Appeals to Christian theology or evolutionary necessity may have worked
in previous centuries, but they are unlikely to be convincing today.
Instead, you can turn to another source of economic truth: Economics 101.
From taxes to wages to government regulation, our political discourse
is dominated by a lesson that economics students learn in their first
semester: the model of a competitive market driven by supply and demand.
Introduced to the world by the French mathematician Antoine-Augustin
Cournot in 1838, this now-ubiquitous analytical tool shows how many
units of a product are demanded and supplied at any given price — and
how prices automatically adjust so that supply exactly equals demand.
This core insight dates back at least to Adam Smith, who explained in
his 1776 book The Wealth of Nations that market prices are determined by
the individual, self-interested decisions of buyers and sellers.
By the late 19th century, supply and demand curves became a dominant
feature of economics education, thanks in large part to a textbook,
Principles of Economics, by the British economist Alfred Marshall.
Marshall showed how buyers and sellers, acting in their own interests,
converge on an equilibrium price that maximizes social welfare, defined
narrowly as the difference between the value consumers place on goods
and the total cost of producing those goods.
Marshall, however, rejected the idea that we should simply let markets
work their magic and accept whatever outcomes they produce.

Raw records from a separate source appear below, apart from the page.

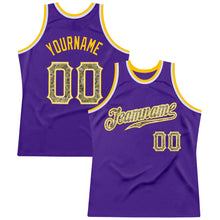Laden Sie das Bild in den Galerie-Viewer, Custom Purple Camo-Gold Authentic Throwback Basketball Jersey
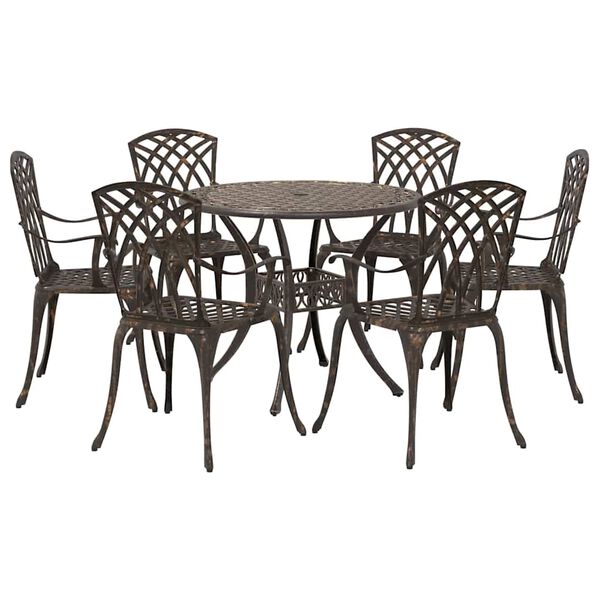 vidaXL Conjunto de Jantar para Jardim 7 pcs Bronze 90 x 90 x 75 cm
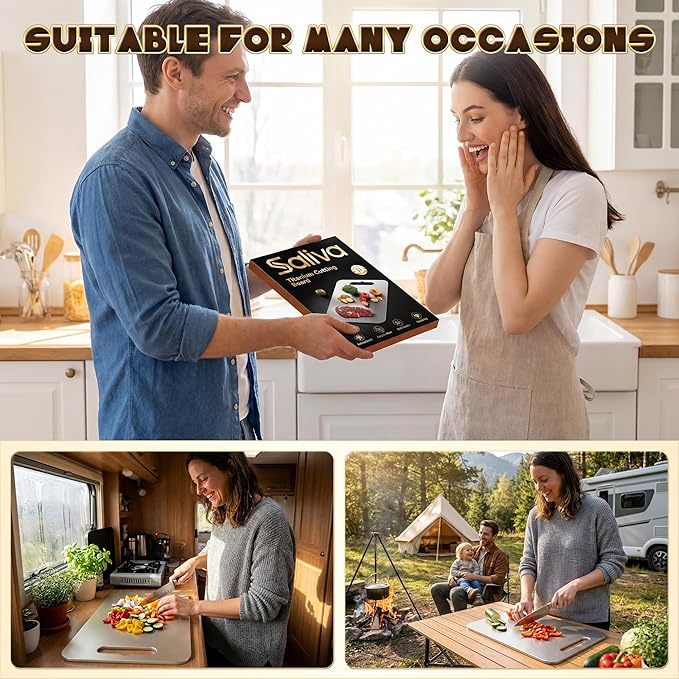 3pcs Titanium Cutting Boards for Kitchen, Titanium Cutting Board Set of 3, Double Sided Non Toxic Chopping Boards, Hygiene Durable, Dishwasher Safe, Easy To Clean, for Meat, Fruit, Vegetables (S+M+L)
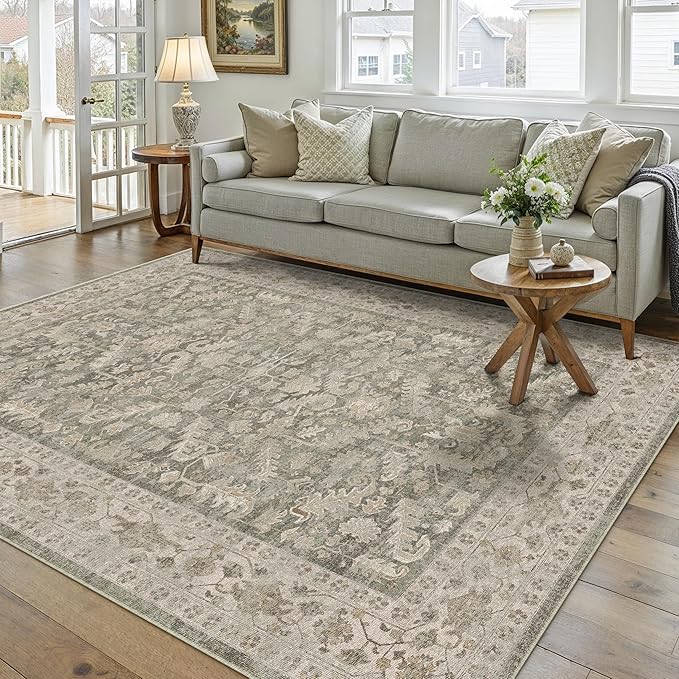 Brown 5x7 Area Rug Vintage Washable Living Room Carpet Non Slip Bedroom Indoor by PureCozy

Instead,
because people differ in wealth, he argued that "aggregate satisfaction
can prima facie be increased by the distribution … of some of the
property of the rich among the poor."
“If we were to redesign Economics 101, what would it look like? One
possibility is to begin not with abstract models, but with the real
world.” That view was echoed in the 1948 first edition of the textbook
that would dominate the market for the next three decades. In Economics,
Paul Samuelson wrote, "John D. Rockefeller’s dog may receive the milk
that a poor child needs to avoid rickets. Why? Because supply and demand
are working badly? No. Because they are doing what they are designed to
do, putting goods in the hands of those who can pay the most." For
Samuelson, the competitive market model of Economics 101 was simply a
useful analytical tool.
For his contemporaries Friedrich A. Hayek and Milton Friedman, however,
it was something more: the heavy artillery in an ideological battle
against the New Deal. In the 1940s and ’50s, Hayek and especially
Friedman built a comprehensive theory of society on the foundation of
competitive markets. In his 1962 book Capitalism and Freedom, Friedman
explained how virtually any social or political issue could be analyzed
in terms of supply and demand — and concluded in each case that
government should get out of the way and let free markets produce the
best of all possible worlds.
Both Hayek and Friedman saw themselves as participants in a battle of
ideas against encroaching socialism. In their hands, an analytical
framework became a universal worldview: Economics 101 became economism.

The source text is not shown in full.